This study is one of few qualitative studies to explore HCP’s views of the prospective acceptability of delivering early-life childhood obesity prevention interventions within primary care settings. To the best of our knowledge, it is also the first to specifically explore HCP’s views of an opportunistic childhood obesity prevention intervention targeting infant feeding within routine vaccination visits. Drawing on existing experience, HCP identified a number of factors that would influence how acceptable they would find the delivery of interventions to promote healthy infant feeding within primary care settings. These were the availability of trustworthy resources for parents and HCP, HCP’s roles and associated priorities, and factors relating to communication and relationships between HCP and parents. Proposed barriers and enablers to delivering interventions within vaccination visits include time constraints v. opportunistic access to ‘well’ children, existing relationships and trust between parents and practice nurses and potential communication issues during the vaccination visit. When mapped to the TFA, barriers and enablers relating to how HCP feel about the intervention, its Perceived Effectiveness and their own Self-Efficacy were the most frequently coded. This may highlight priorities and broad constructs of acceptability to consider targeting in developing infant feeding interventions for delivery by primary care HCP.

This study also emphasises the need for clear role delineation and ownership regarding the prevention of childhood obesity in primary care. Childhood obesity prevention was viewed by participants as an important societal issue where all primary care providers have a role to play, and that coordination of roles across HCP is important to ensure consistency. However, what exactly these roles should entail and the respective ownership of roles between HCP was less clear. This corresponds with the findings of Redsell et al. who found that GP and practice nurses predominantly viewed childhood obesity prevention and provision of infant feeding advice as beyond their remit(29). Similarly, Pearce et al. (2018) found that many HCP do not view obesity prevention as a core part of their role and identified a mismatch between current prevention-focused health policies and the existing reactive medical model which has shaped clinical practice(41). Recent times have seen an increasing global focus on chronic disease prevention and a shift in emphasis from reactive healthcare systems towards preventive care(42). As such, HCP roles and ownership for different facets of healthcare may need to change and evolve accordingly. However, if this is to be achieved, the findings of this study suggest that clarity regarding the content, ownership and leadership for new roles is crucial, and that redefinition of roles needs to be done in collaboration with HCP and coordinated across different individuals and actors within the system. This would also need to carefully consider adequate resource allocation, as time and staffing constraints were a significant concern for participants in terms of their ability to prioritise public health promotion.

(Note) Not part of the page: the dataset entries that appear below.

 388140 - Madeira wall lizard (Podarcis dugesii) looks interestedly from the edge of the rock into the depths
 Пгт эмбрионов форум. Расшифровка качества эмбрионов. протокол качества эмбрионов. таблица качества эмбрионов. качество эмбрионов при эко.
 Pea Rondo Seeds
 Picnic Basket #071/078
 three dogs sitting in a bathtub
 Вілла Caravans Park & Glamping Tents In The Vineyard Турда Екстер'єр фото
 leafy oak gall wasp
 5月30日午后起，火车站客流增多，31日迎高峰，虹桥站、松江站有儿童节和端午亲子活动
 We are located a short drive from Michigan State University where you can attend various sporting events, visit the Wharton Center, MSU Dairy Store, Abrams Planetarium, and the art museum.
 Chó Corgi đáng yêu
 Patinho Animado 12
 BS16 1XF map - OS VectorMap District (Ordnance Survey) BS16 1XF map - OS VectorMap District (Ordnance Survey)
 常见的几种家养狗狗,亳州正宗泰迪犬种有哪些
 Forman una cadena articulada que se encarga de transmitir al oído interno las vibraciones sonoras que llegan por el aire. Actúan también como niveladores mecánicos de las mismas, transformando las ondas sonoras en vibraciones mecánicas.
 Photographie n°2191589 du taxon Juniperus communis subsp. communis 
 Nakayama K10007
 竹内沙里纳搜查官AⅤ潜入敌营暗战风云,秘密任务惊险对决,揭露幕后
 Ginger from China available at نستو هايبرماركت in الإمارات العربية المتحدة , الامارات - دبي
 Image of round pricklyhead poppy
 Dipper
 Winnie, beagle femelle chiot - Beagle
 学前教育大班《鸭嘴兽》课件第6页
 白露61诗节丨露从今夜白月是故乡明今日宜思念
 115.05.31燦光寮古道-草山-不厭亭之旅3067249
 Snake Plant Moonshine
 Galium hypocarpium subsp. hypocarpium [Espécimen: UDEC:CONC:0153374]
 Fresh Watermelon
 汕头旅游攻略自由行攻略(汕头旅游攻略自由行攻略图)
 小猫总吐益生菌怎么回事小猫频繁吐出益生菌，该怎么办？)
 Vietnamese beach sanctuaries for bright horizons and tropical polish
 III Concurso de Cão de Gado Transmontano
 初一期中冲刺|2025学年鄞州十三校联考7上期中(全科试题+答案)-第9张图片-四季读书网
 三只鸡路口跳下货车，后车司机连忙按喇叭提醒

As such, resources available to HCP would also need to evolve and change to reflect any new roles, responsibilities and altered priorities.

The need for adequate resources in the form of time, funding, training and supporting materials was one of the most commonly discussed factors influencing the delivery of an infant feeding intervention within primary care. This is unsurprising, as a lack of resources are often identified as a barrier to intervention delivery by HCP within routine care settings(28,43). However, the explicit requirement for trustworthy and unbiased training and educational resources in this study is of particular note. Our findings show that primary care HCP require adequate training and supporting materials if they are expected to deliver infant feeding advice to parents. However, in line with previous research(29,44), we identified deficits in current HCP pre-registration training in relation to infant feeding. If sufficient training is not available from impartial sources, then it is possible that many HCP may resort to attending industry-sponsored training to fill these resource gaps, as previously found in a systematic review of the interactions between HCP and industry(45). Issues pertaining to conflicts of interest and the influence of nutrition industry funding within health research and clinical practice have come under increased scrutiny in recent times(4550). The 2016 WHO Guidance on Ending Inappropriate Promotion of Foods for Infants and Young Children specifically prohibits the sponsorship of meetings and the ‘provision of information for health workers other than that which is scientific and factual’(51). However, a 2018 WHO report showed that international implementation of this guidance remains subpar with much room for improvement(52). Therefore, there is a duty to provide access to unbiased training and education for HCP to facilitate delivery of infant feeding interventions within primary care settings, for transparency regarding funding sources, and not to expect or enable existing health service resource gaps to be filled by industry.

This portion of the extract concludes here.